LLC Versus Corporation
The owners, called members, of an LLC, have interest in the business based on their capital contributions and what's specified in the operating agreement. These are not called shares like the shareholders in a corporation have because the overall structure of the LLC business type is different from the corporation type. Only businesses with corporate structures actually distribute shares.
LLCs also do not have bylaws or the director/officer structure that a corporation does, so they are called unincorporated business entities. Anytime individuals or entities invest in a business, they receive stocks, shares, or distribution percentages of some sort. LLCs are formed by contracts while corporations are formed by statutes.

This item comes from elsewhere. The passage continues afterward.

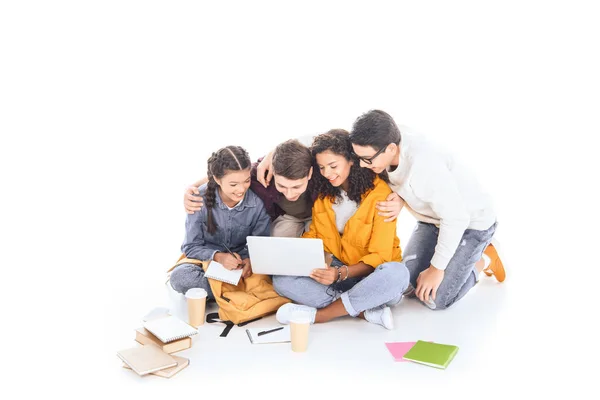 Estudiantes multiétnicos sonrientes usando el ordenador portátil juntos aislados en blanco - foto de stock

There are many formalities required in the formation and upkeep of corporations that are not required for LLCs. These are also called corporate default rules. They include:
- Shareholder meetings.
- Appointing of directors and officers.
LLCs are governed by their own operating agreements rather than laws set out by the state or federal government. Other than filing fees and articles of organization, LLCs do not have much for which they need to answer to the state. The operating agreement for an LLC is its governing document. It should include details about the business like:
- Business purpose.
- Management structure.
- Member liability.
- Member obligations and responsibilities.
- Membership interests.
LLC Membership Interest Versus Corporate Stock Certificates
LLCs do not issue stock nor do they have stockholders. The membership interests specified in the operating agreements are essentially the members' stock, but they aren't usually given in certificate form. The members of an LLC are its owners, not shareholders. If an LLC has many owners, the operating agreement may call for issuing membership certificates.
The certificates found in an LLC usually just include the certificate of formation, membership certificates (if issued), and certificates for good standing issued each year by the state. If an LLC decides to issue membership certificates, they will specify the percentage of ownership for each member receiving a certificate.
There are a few basic things you need to understand about the LLC business structure before forming this type of business. All members have a right to share in the profits of the business. Exactly how much each member gets depends on what it stated in the operating agreement.
Membership profit distributions can be determined base on the capital contributions of members, but they don't have to be. LLCs have the freedom to determine membership percentages freely. Some distribution percentages are based on a member's amount of responsibility in the business rather than their capital contribution.
Profit distributions can only take place if the LLC is up-to-date on all of its debt payments and other obligations. If a distribution amount is going to cause the LLC's liabilities to exceed assets, it may not take place.
Multi-member LLCs are automatically categorized as partnerships by the IRS and taxed as pass-through entities. This means that the profits of the business pass-through to the LLC members and those members are required to pay taxes on those profits through their personal income tax returns. If the LLC chooses to be taxed like a corporation, then the business itself will pay taxes and members are also taxed on what they take home. Single-member LLCs are viewed as sole proprietorships in the eyes of the IRS. They are therefore also taxed as pass-through entities.
How to Issue Membership Interests
Once you've formed an LLC, you'll need to allocate the membership interests. This will be handled through the formation of the LLC's operating agreement. These documents should be signed by all of the LLC members. The operating agreement will also specify how the members will pay their initial contributions. Called consideration, this is usually in the form of cash but can also be a service provision or an asset transfer.
All of the details of the various membership percentages and capital contributions of members should be recorded and kept in a safe place. Many LLCs choose to keep a record book for such details and transaction information. Along with a record book, you'll want to keep the operating agreement and articles of formation together as well. These are called the LLC's formation documents, and they are very important to keep track of.